Syar Industries' permission to mine gravel from the Russian River ends in April, but the mining company is resurrecting an epic Sonoma County environmental debate by seeking a five-year extension.
Facts
MINING HEARINGS
Canyon Rock Co. seeks permission to expand its Forestville quarry.
Details: 2:15 p.m. Tuesday, Sonoma County Board of Supervisors meeting room, 575 Administration Drive
Syar Industries seeks an additional five years to mine gravel from Russian River.
Details: 6:30-9 p.m. Wednesday, Sonoma County Permit and Resource Management Department hearing room, 2550 Ventura Ave.
Although a decision by county supervisors is about a year off, Syar's request will rekindle heated arguments over whether local demand for high-quality rock trumps what critics say is ruination of the river and destruction of fish habitat.
The issue of mining on gravel terraces adjacent to the river has been largely dormant over the last few years as Napa-based Syar has methodically worked its way through its permit to rake 100 acres of rock off river banks south of Healdsburg over a 10-year span. Another mining company, Hanson Aggregates of Pleasanton, quit terrace mining in 2003 and uses trucks and barges to transport rock to Sonoma County from Canada and the East Bay.
Board Chairman Paul Kelley, whose district includes the river mining area, said he did not know why the company applied for an extension and said he hasn't studied the request sufficiently to form a position.
But west county Supervisor Mike Reilly, the board's strongest environmentalist, said he knows of no reason to grant the request.
"Unless something new has happened in the last 10 years, I don't see any reason to extend it," he said.
The first of many confrontations over the issue is set for Wednesday when staffers of the county Permit and Resource Management Department hold a "scoping" session to collect public comment on environmental issues that should be considered in connection with Syar's extension request. After that, there'll be an environmental impact report followed by Planning Commission hearings and ultimately a decision by supervisors.
"It is a process that takes nine to 15 months," said Mike Sotok, the county's senior environmental specialist. "It is certainly not getting done by April."

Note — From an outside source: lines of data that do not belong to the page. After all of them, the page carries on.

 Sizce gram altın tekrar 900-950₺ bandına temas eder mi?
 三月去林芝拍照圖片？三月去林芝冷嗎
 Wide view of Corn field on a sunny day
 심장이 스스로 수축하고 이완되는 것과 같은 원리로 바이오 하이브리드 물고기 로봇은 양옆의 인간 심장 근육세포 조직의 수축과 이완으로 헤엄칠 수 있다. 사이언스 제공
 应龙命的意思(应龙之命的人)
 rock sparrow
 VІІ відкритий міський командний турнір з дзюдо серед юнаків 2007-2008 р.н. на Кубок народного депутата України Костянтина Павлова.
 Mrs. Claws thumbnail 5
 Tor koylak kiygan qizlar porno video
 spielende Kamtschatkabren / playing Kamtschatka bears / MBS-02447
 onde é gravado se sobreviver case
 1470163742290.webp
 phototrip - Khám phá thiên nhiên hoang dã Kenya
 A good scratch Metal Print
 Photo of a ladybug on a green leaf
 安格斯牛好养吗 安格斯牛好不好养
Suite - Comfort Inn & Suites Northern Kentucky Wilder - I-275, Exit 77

Syar's application does not seek to extract more rock out of river beds than currently permitted. Rather, it wants to pull rock out of the remaining 20-acre site over a five-year period because it can't get it out by the April 15 deadline.
Syar officials argue that a time-consuming permit process and delays associated with an unrelated lawsuit prevented the company from mining during the crucial June-to-October season last year.

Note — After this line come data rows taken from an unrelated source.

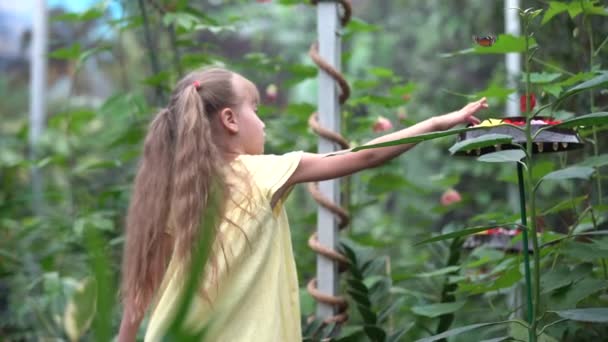 Niño Siete Años Con Mariposa Dedo — Vídeo de stock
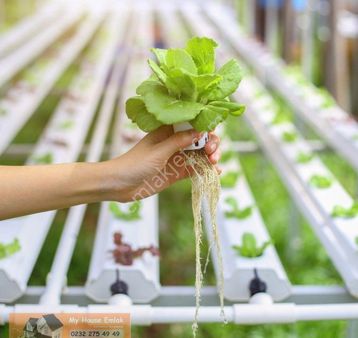 Aydın'da Topraksız Tarım Serası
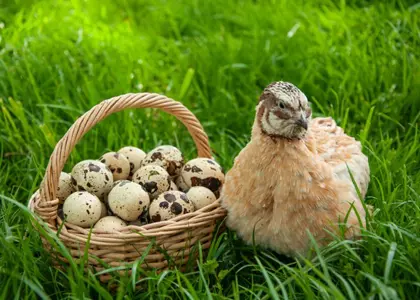 غذای (دان) بلدرچین چیست؟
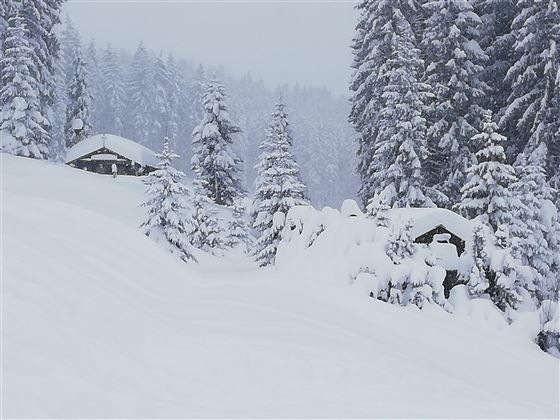 Winterlandschaft an der Tanzernabfahrt v. 04.01.19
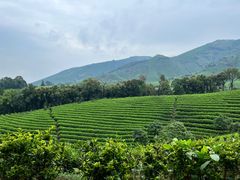 -帐篷客·溪龙茶谷度假酒店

Syar officials were not available Friday for comment about their request.
In the application, company president Jim Syar argues that Sonoma County's hard-rock quarries have yet to produce the high-quality aggregate necessary for numerous highway and housing projects coming online over the next several years. Keeping the Russian River source open as an option would help hold down construction costs, Syar said.
Ironically, supervisors are holding a hearing Tuesday on a request by Canyon Rock Company to expand its existing quarry near Forestville. The supervisors' votes on this and on Syar's requests will be scrutinized by the home building and construction industries as well as environmental groups.
David Keller, who heads the river protection group Friends of the Eel River, said environmental groups will fight Syar's request because gravel from the Russian River isn't necessary to the local economy and the company hasn't funded river habitat reclamation projects for impacts on the 80 acres it has already mined.
"This is a water resource that is being cannibalized for the sake of the construction industry and it's simply not needed when they have other sources available," Keller said. "It is cynical, dishonest, unscientific and uneconomic for them to argue that it has become the environmentally acceptable thing to do."
Terrace mining in the Russian River has been decreasing since 1994, when supervisors enacted the Aggregate Resources Management plan, which was designed to limit environmental impacts of mining and shift production to quarries. The amount of terrace-mined material has declined from 53 percent of the county's total aggregate production in 2001 to 25 percent in 2003, as quarries increasingly became the source for rock.